In DESSs, each DESU is often connected to the bus bar in parallel. Since the initial SOC or capacity of each DESU may not be consistent, the SOC of each DESU may be inconsistent during charging and discharging, resulting in some DESUs exiting the system early due to overcharging or over discharging, leading to asymmetric operation of the microgrid (Bi et al., 2019; Hoang and Lee, 2021). Therefore, it is necessary to coordinate and control the DESU’s output current and SOC, ensuring that each DESU’s output current is accurately distributed according to the capacity ratio and the SOC is balanced (Yang et al., 2022).

Droop control is widely used in energy distribution in DC microgrids for its advantages such as high reliability and plug-and-play. Zhou et al. (2020) introduced an optimal control method for multi-battery energy storage systems in islanded DC microgrids, leveraging the PI consensus algorithm to enhance robustness against time delays. However, this and other studies (Li et al., 2022) failed to address the crucial issue of SOC balancing in their control loops, potentially causing overcharging or over-discharging of energy storage units. To address SOC balancing, research has explored linking the droop coefficient and SOC. Lu et al. (2014) and Lu et al. (2015) constructed a link by a power function to dynamically adjust the droop coefficient to achieve fast SOC equalization.
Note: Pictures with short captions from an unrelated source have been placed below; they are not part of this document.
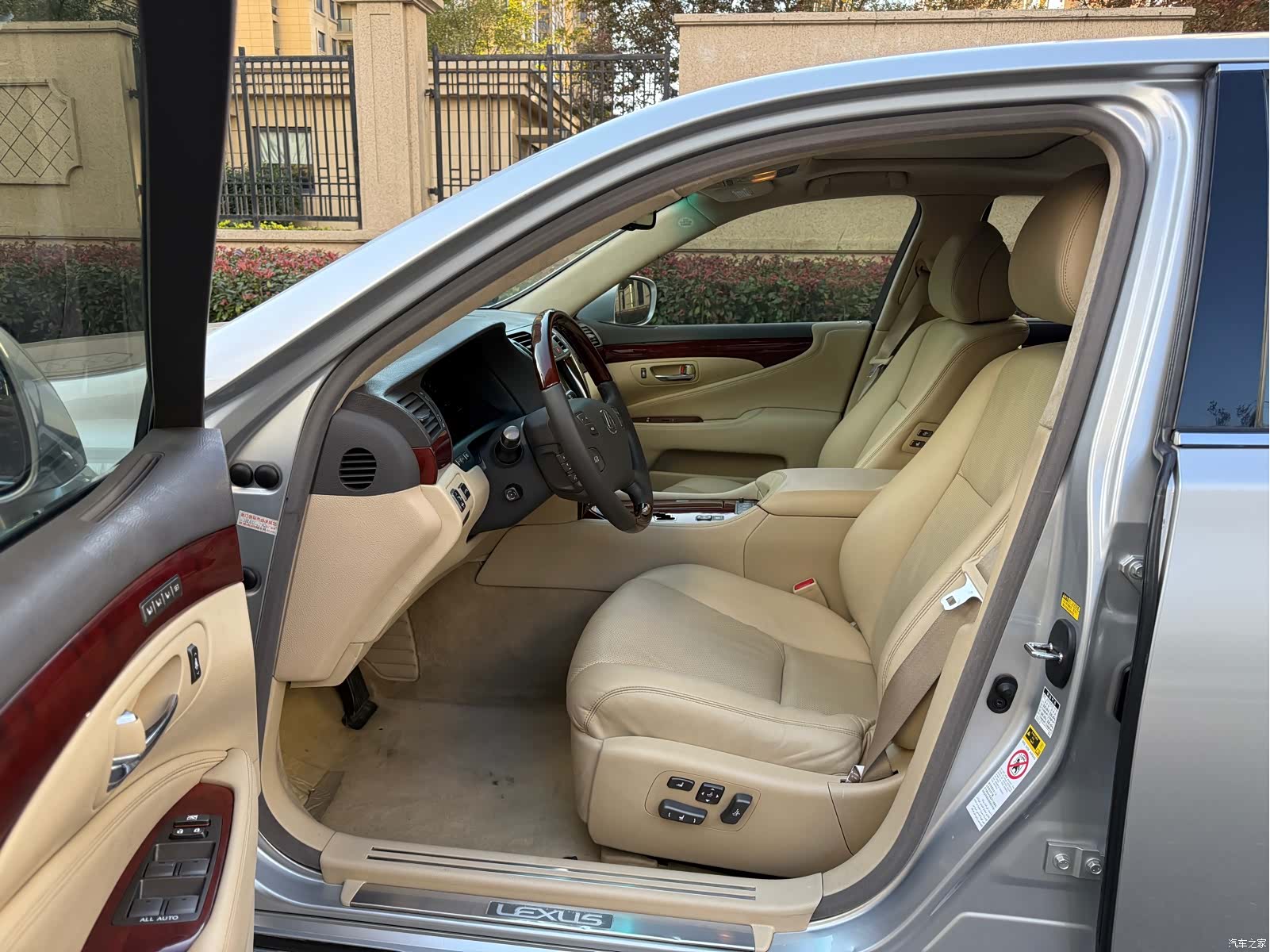 Lexus LS, 2007 9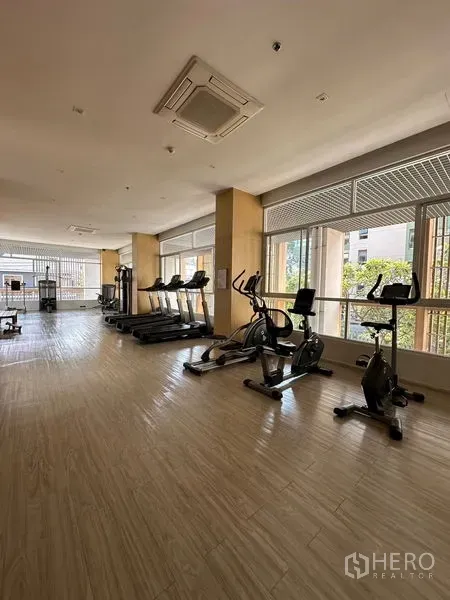 อพาร์ทเมนท์ ให้เช่าในKhlong Toei, Bangkok - ฟิตเนสของโครงการพร้อมลู่วิ่งและจักรยานออกกำลังกายติดหน้าต่างบานใหญ่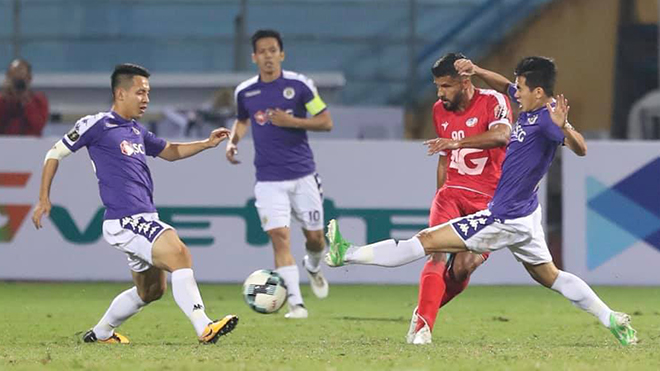 HLV Chu Đình Nghiêm: 'Quế Ngọc Hải đáng bị thẻ đỏ'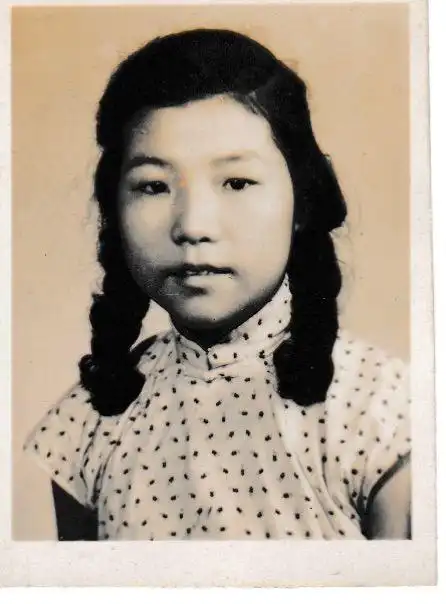 母亲年轻时的老照片 一一藉以纪念我的母亲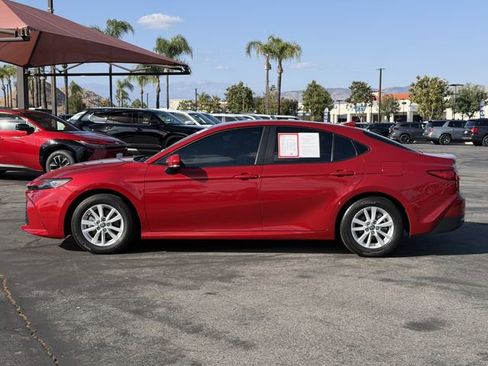 Used 2025 Toyota Camry LE FWD image 9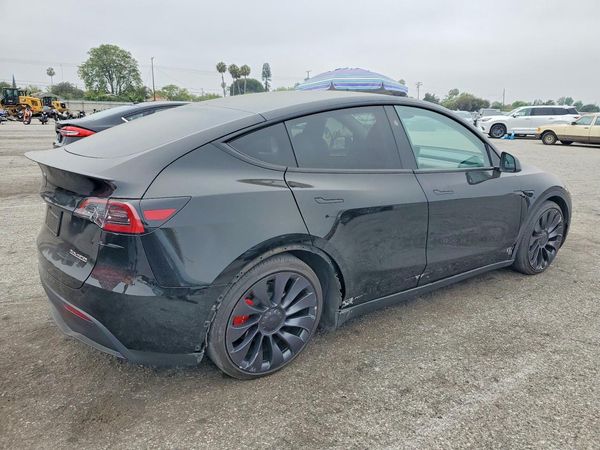 2024 TESLA MODEL Y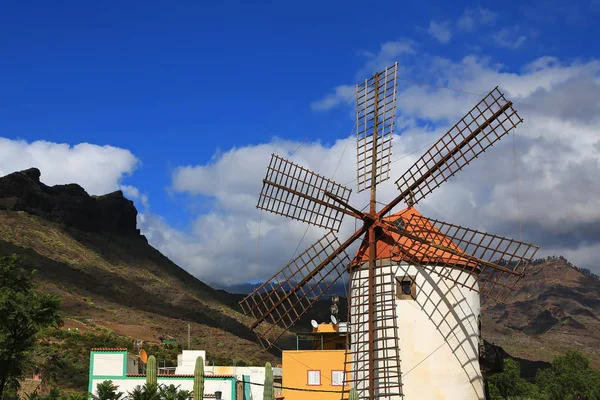 Větrný mlýn na Gran Canaria — Stock fotografie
However, the SOC equalization accuracy is low, and the bus voltage drop introduced by the droop coefficient has not been effectively compensated. To eliminate the bus voltage drop, Li et al. (2014) and Shahbazi et al. (2016) not only modified the virtual impedance but also dynamically adjusted the output voltage reference of the DESU based on changes in SOC to achieve SOC equalization and bus voltage stabilization. Zhi et al. (2020) designed the droop coefficient to be proportional to SOC during charging and inversely proportional to SOC during discharging, thus achieving both SOC equalization and power equalization and improving the stability of the DC bus voltage by enhancing the inertia of the DC microgrid. Xu et al. (2020) achieved SOC equalization by setting the droop coefficient to be inversely and positively proportional to the nth power of SOC during charging and discharging, respectively. In addition, the given reference voltage is changed by the multi-intelligent body technique, which compensates for the bus voltage variation caused by the droop coefficient. However, the aforementioned studies did not consider the effect of line impedance on SOC equalization and power distribution.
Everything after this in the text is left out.